Man dürfe auch nicht vergessen, dass dazu noch die wenige Privatsphäre auf dem Schiff komme, ungewohnte Einsatzzeiten, eventuell stundenlang keinen Schlaf, das lange Fahren auf dem Meer, führt Barkowski aus. Genauso wichtig wie das Training vor dem Einsatz sei auch die Nachsorge. Nach jeder Mission gibt es deshalb das Angebot, die ganze Reise noch mal durchzusprechen. Das sei für viele wichtig, um einen Abschluss zu finden.

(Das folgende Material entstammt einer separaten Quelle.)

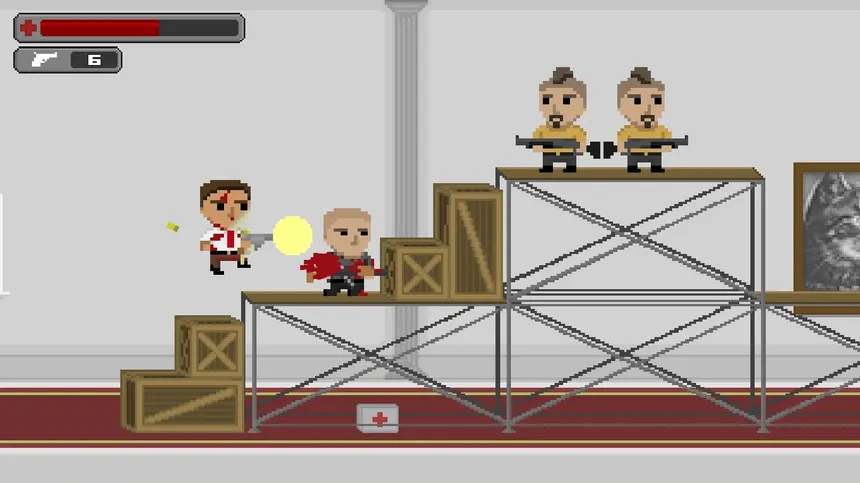 Скриншот 3 к игре Joe's Wrath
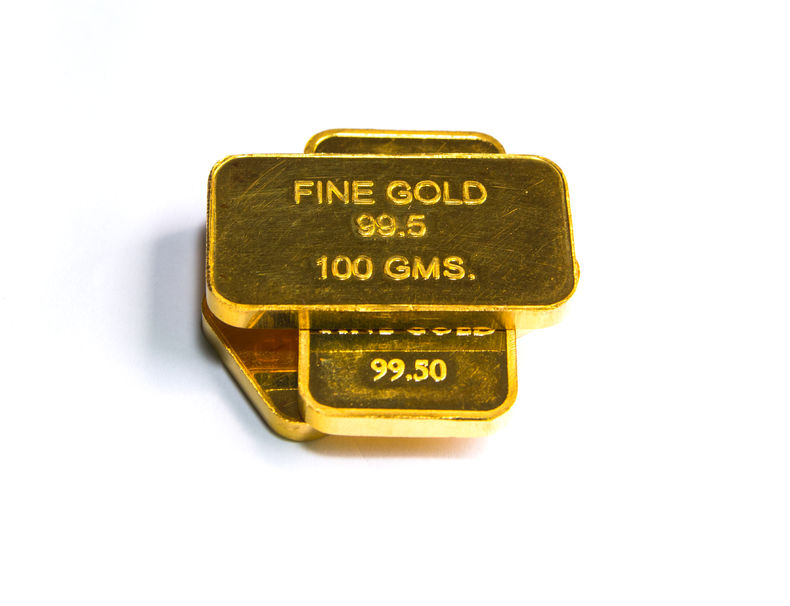 100 gram gold bars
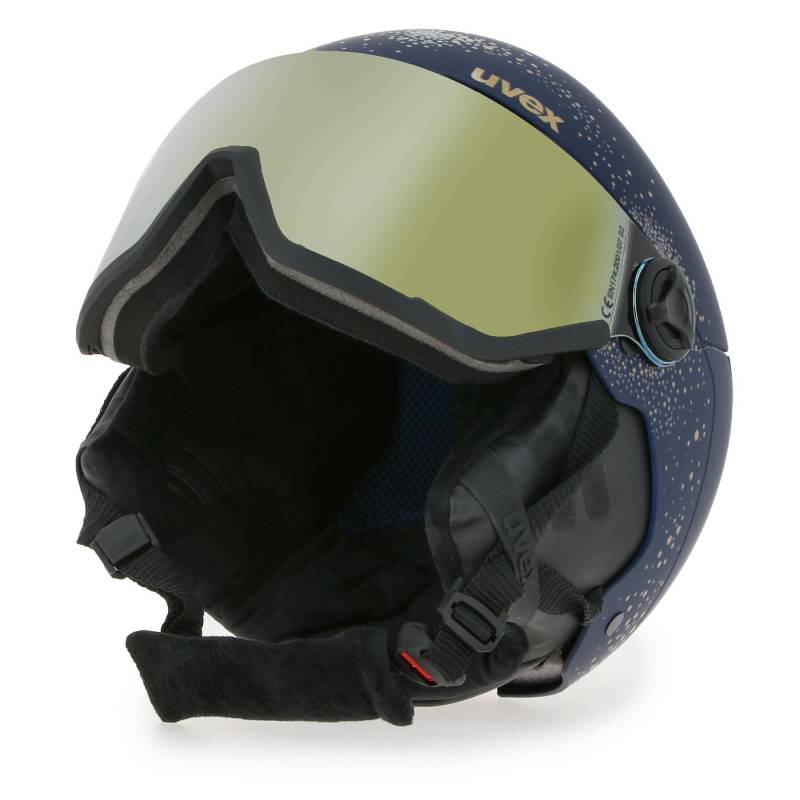 Skihelm Uvex Wanted vis WE 5662645005 Dunkelblau von Uvex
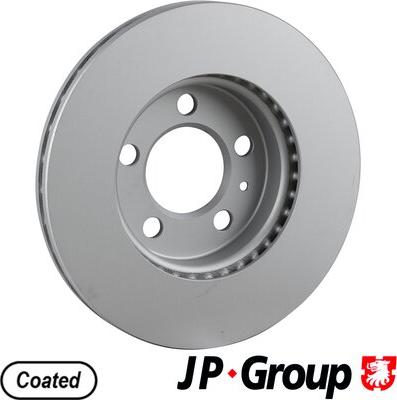 JP Group 1163119200 - Kočioni disk www.molydon.hr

Trotz der Belastungen: Helfer würde wieder fahren

Corvin Schreitmüller kann mit der Belastung umgehen, erholt sich mit der Zeit - er hat eine gute Resilienz. Die Phase der Sinnfragen legt sich bei ihm nach ein paar Wochen wieder. Geholfen habe vor allem das gute soziale Netzwerk, Freunde und auch der Austausch mit der Seenotrettungscrew vom Einsatz, sagt er. Gedanklich sei er aber heute noch immer bei Freunden und allen Einsatzkräfte auf Seenotretterungsmission und hofft, dass alles gut geht. Schreitmüller würde auch wieder rausfahren, trotz der extremen Belastungen auf See. Bis es soweit ist, engagiert er sich in der Lokalgruppe in Kiel, agiert bei Mission im Hintergrund von Land aus.